35% of people would pay water charges if they were brought in now

The results are based on an opinion poll carried out by Amarách Research for RTÉ’s Claire Byrne Live/TheJournal.ie.

35% OF PEOPLE have said they would pay water charges if they were brought in tomorrow.  

According to an opinion poll carried out by Amarách Research for RTÉ’s Claire Byrne Live/TheJournal.ie, 55% of respondents agreed they would not pay for water charges if they were introduced in 2019. 

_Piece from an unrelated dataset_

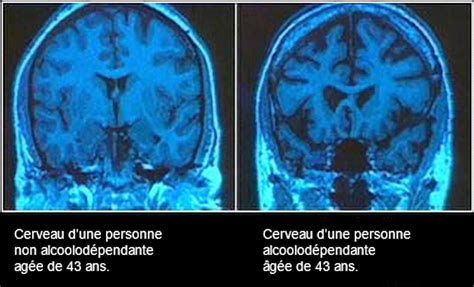 Alcoolisme : ces régions du cerveau qui récupèrent après une période d ...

A further 10% of people said they didn’t know if they would pay the charges now. There was little difference between men and women, with 5% more women than men saying they wouldn’t pay the charges now. 

Different age groups disagreed on whether they would pay. 24% of those aged 18-24 said they would pay the charges, while nearly half of those aged 55 and up said they would be willing to pay.

In terms of geography, 31% of people from Dublin were in favour of paying the charges but in the rest of Leinster, this figure was 37%. 

Domestic water charges were introduced in Ireland in 2014 on a consumption-based charging system, but for many people in the country they were the norm until they were scrapped in 1997. 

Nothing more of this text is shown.